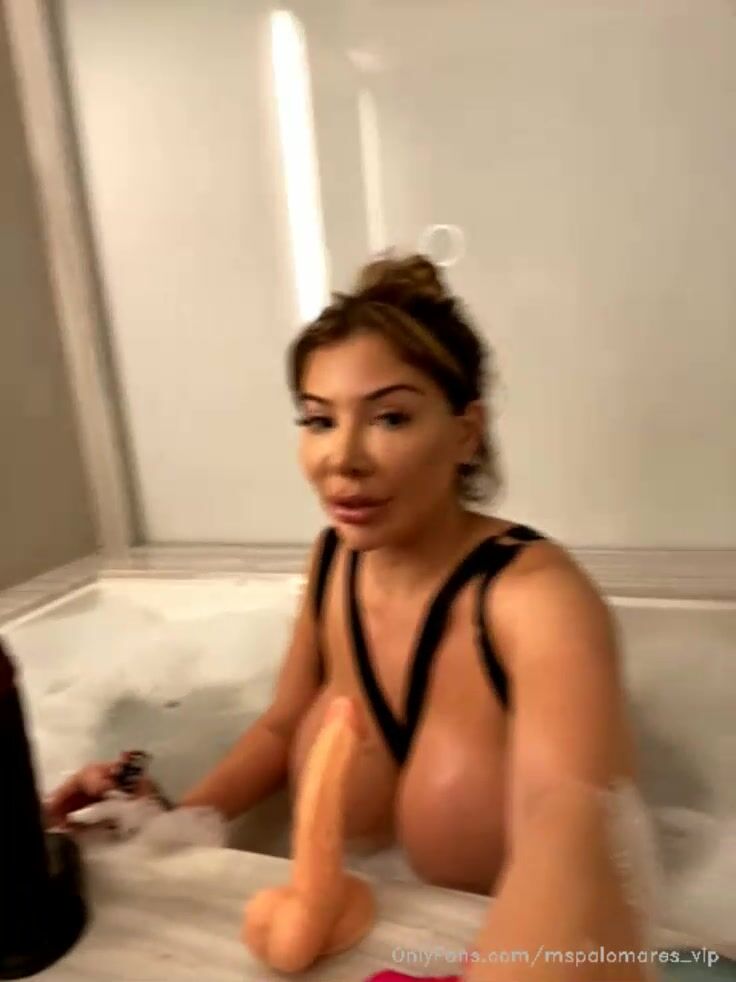 MsPalomares Nude Bathroom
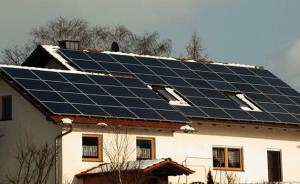 “單晶多晶之爭(zhēng)”升溫，分布式光伏市場(chǎng)將利好單晶硅發(fā)展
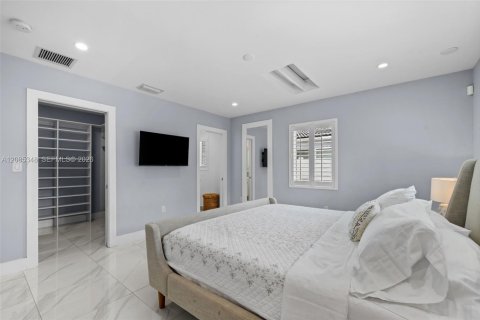 Villa ou maison à vendre à Hollywood, Floride: 3 chambres, 159.88 m2 № 2394729 - photo 19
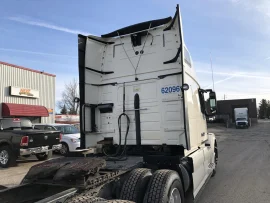 2015 VOLVO, VNL64T670 - Image #3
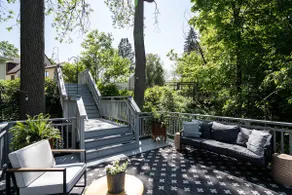 Charming Riverfront Home•Free Parking•4 King Beds - Image 2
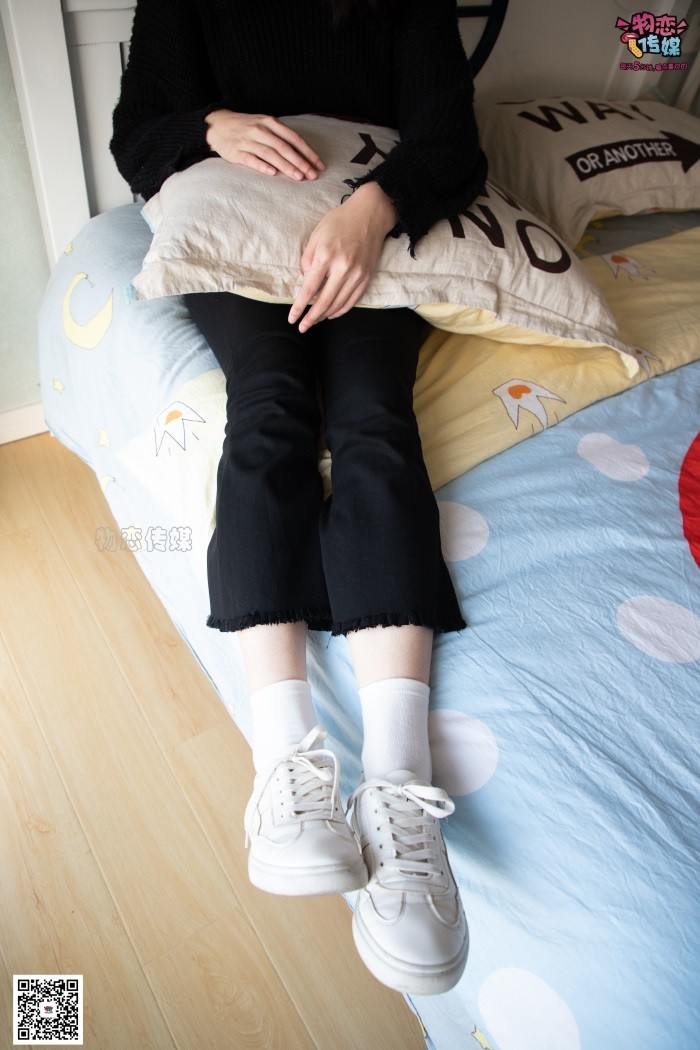 勿恋传媒 No.064 一朵花开的时间，奶牛袜子 [159P/1V/1.08GB]插图1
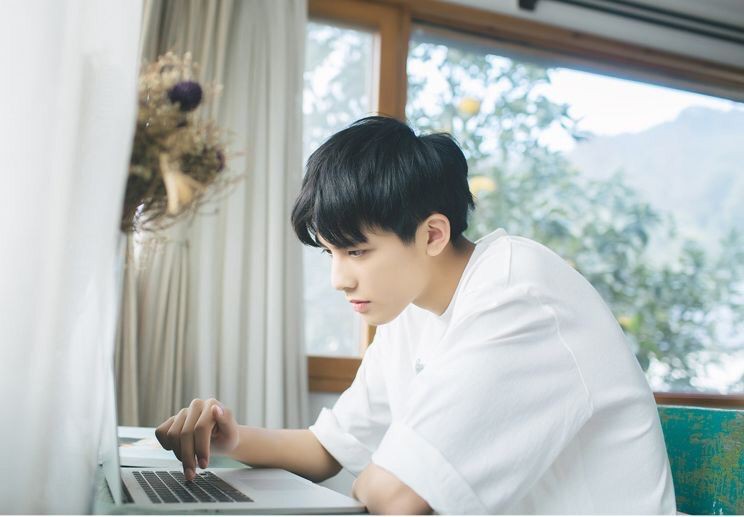 "Em ăn cơm chưa" có cả Bộ từ điển hướng dẫn sử dụng để tán crush - Ảnh 1. "Em ăn cơm chưa" có cả Bộ từ điển hướng dẫn sử dụng để tán crush - Ảnh 1.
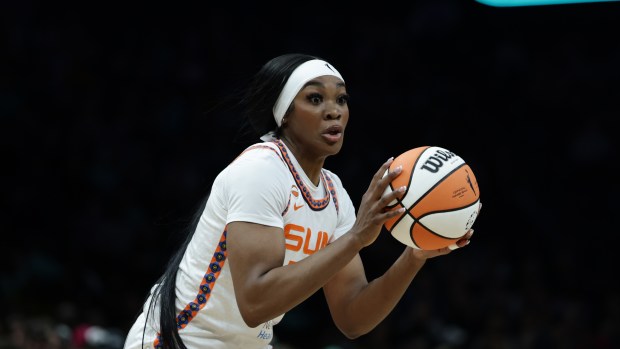 Kelsey Plum Traded to Mercury, Aneesah Morrow Joins Tempo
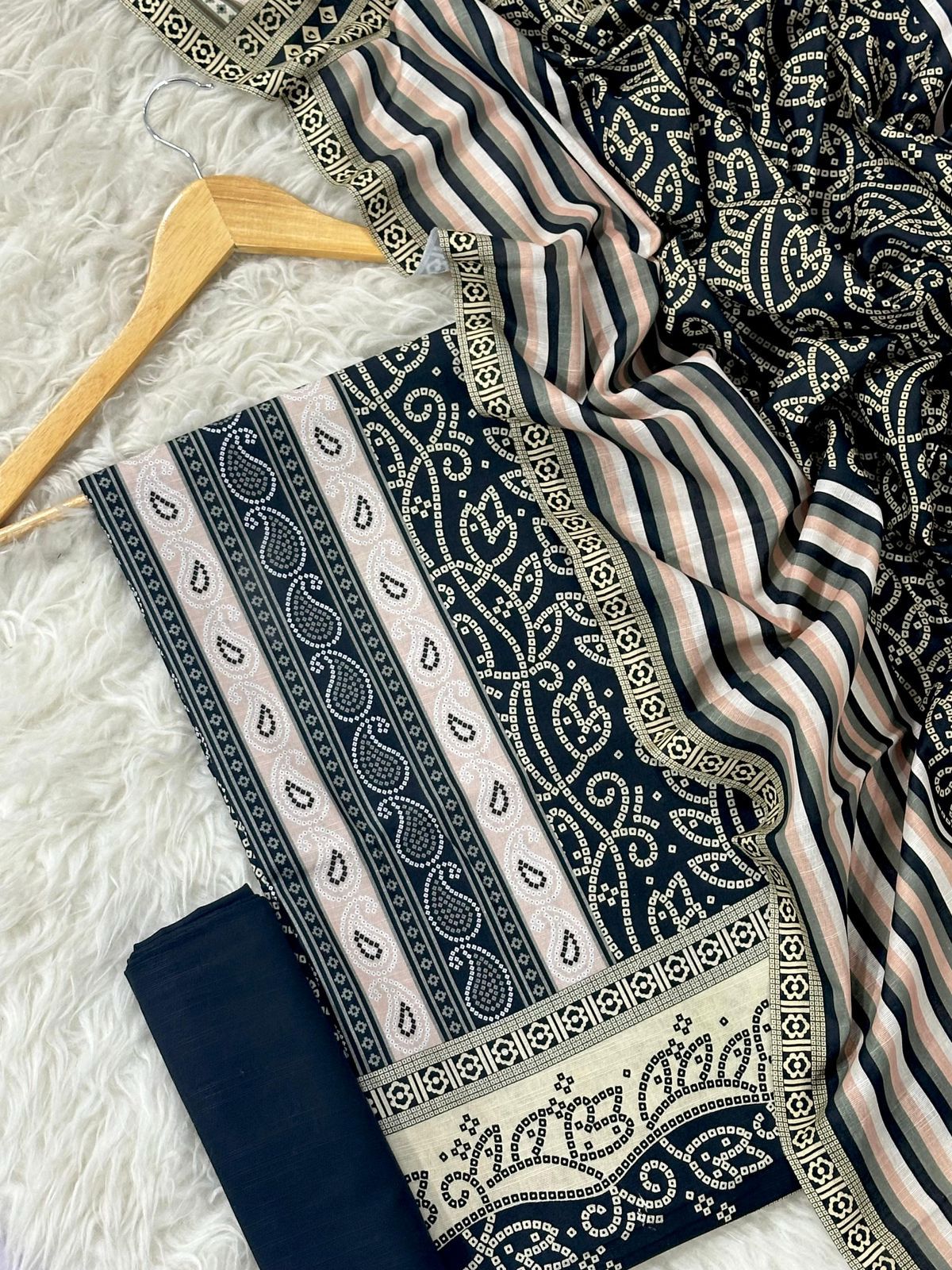 Gul-Ahmed Premium Printed Khaddar 3-Piece Suit [Unstitched]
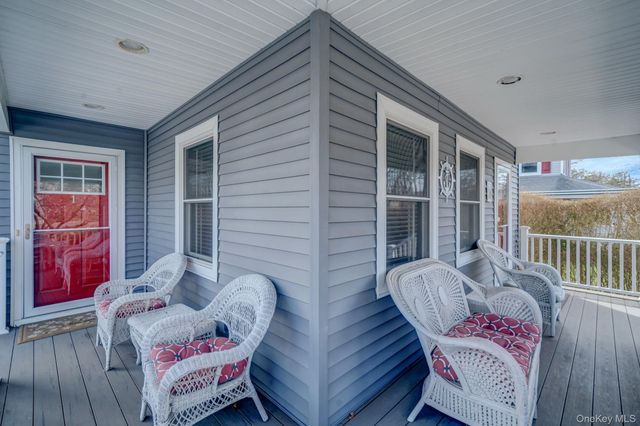 407 Wiggins Street, Greenport, NY 11944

——

▶ **What is required**
Write out the material above precisely, leaving each picture behind.

▶ **Output for this task**
 MsPalomares Nude Bathroom
 “單晶多晶之爭(zhēng)”升溫，分布式光伏市場(chǎng)將利好單晶硅發(fā)展
 Villa ou maison à vendre à Hollywood, Floride: 3 chambres, 159.88 m2 № 2394729 - photo 19
 2015 VOLVO, VNL64T670 - Image #3
 Charming Riverfront Home•Free Parking•4 King Beds - Image 2
 勿恋传媒 No.064 一朵花开的时间，奶牛袜子 [159P/1V/1.08GB]插图1
 "Em ăn cơm chưa" có cả Bộ từ điển hướng dẫn sử dụng để tán crush - Ảnh 1. "Em ăn cơm chưa" có cả Bộ từ điển hướng dẫn sử dụng để tán crush - Ảnh 1.
 Kelsey Plum Traded to Mercury, Aneesah Morrow Joins Tempo
 Gul-Ahmed Premium Printed Khaddar 3-Piece Suit [Unstitched]
 407 Wiggins Street, Greenport, NY 11944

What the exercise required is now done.